The inhibition of intra-cellular mechanisms responsible for the Exosomes production and release from the cell, can be addressed by various drugs and supplements:
Available Drugs
- Imipramine – an anti-depressant drug – inhibitor of the activity on acid sphingomyelinase (aSMase), an enzymes that facilitates the conversion of sphingomyelin to ceramide, a process relevant for exosomes formation and release as it increases membrane fluidity
- Indomethacin/Indometacin – non-steroidal anti-inflammatory drugs (NSAID) family used to decrease prostaglandins production during inflammation, due to its ability to non-selectively inhibit cyclooxygenase I and II – downregulate transcription of the ABCA3 transporter, an intracellular protein involved in lipid transport.
- Ketoconazole – an antifungal drug
- Sulfisoxazole – an oral antibacterial drug – a specific inhibitor of the biogenesis and secretion of exosomes from cancer cells
- Ketotifen – antihistamine drug, has the ability to block exosome release. Ketotifen was reported to block calcium influx into cells. It is shown that exosome release is regulated by calcium-dependent mechanisms. Therefore, the mechanism of ketotifen inhibiting exosome release might due to its calcium channel blocking effect.

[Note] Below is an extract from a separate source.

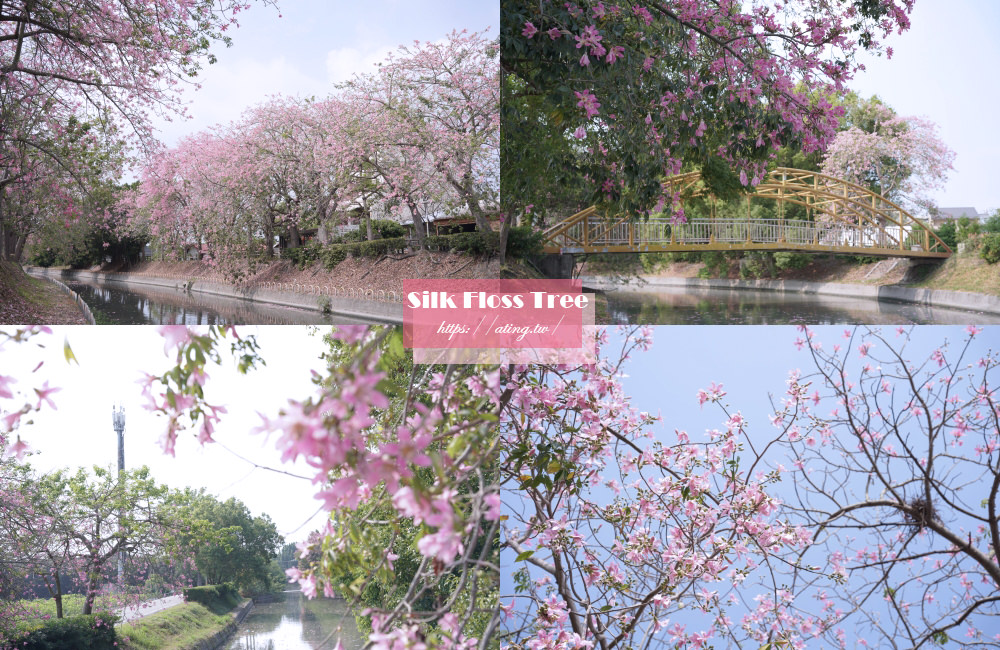Silk floss tree Beidou 2022 14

- microenvironmental pH of tumour cells is an essential factor for exosome traffic. This means that all those drugs and supplements altering internal and external pH may be effective against exosomes. Example of drugs that we already discussed in this context are Lansoprazole, Amiloride, Acetozolamide and many more. Indeed it has been showed that proton pump inhibitors can be effective in lowering exosomes release and as a result increasing effectiveness of chemotherapy
Available Supplements:
- Pantethine – a pantothenic acid (vitamin B5) derivate found online as a food supplement – pantethine has been shown to inhibit (by 80%) cholesterol synthesis in cultured skin fibroblasts (GM0043), as well as total fatty acids synthesis.
- Cannabidiol (CBD) – extract from Cannabis sativa available online, can block exosome release. CBD can block exosome release by 50% at 5 µM and it can selectively inhibit the release exosomes from cancer cell lines (e.g. prostate, breast, liver cancers, glioblastoma).
Conclusion
In conclusion, there are two aspects that are extremely important here:
- Exosomes produced by the tumors are major facilitators for tumor progression and their activity can be reduced with common drugs and supplements
- When looking at how to inhibit exosomes products we find out that major strategies and drugs we already discussed as very relevant in the battle against cancer are also leading to exosome inhibition:
- cholesterol strategy
- ph strategy
- calcium modulation
Could exosomes be the reason why so many cancer-fighting strategies and drugs have been shown to be effective? That is yet to be determined. What is clear is that this is at least one additional perspective we could use to look at cancer, learn, and improve our chances of a successful treatment outcome. By doing so, we will be well ahead of the majority, as this is a field of science that has only recently begun to receive significant attention from the scientific community in terms of oncology.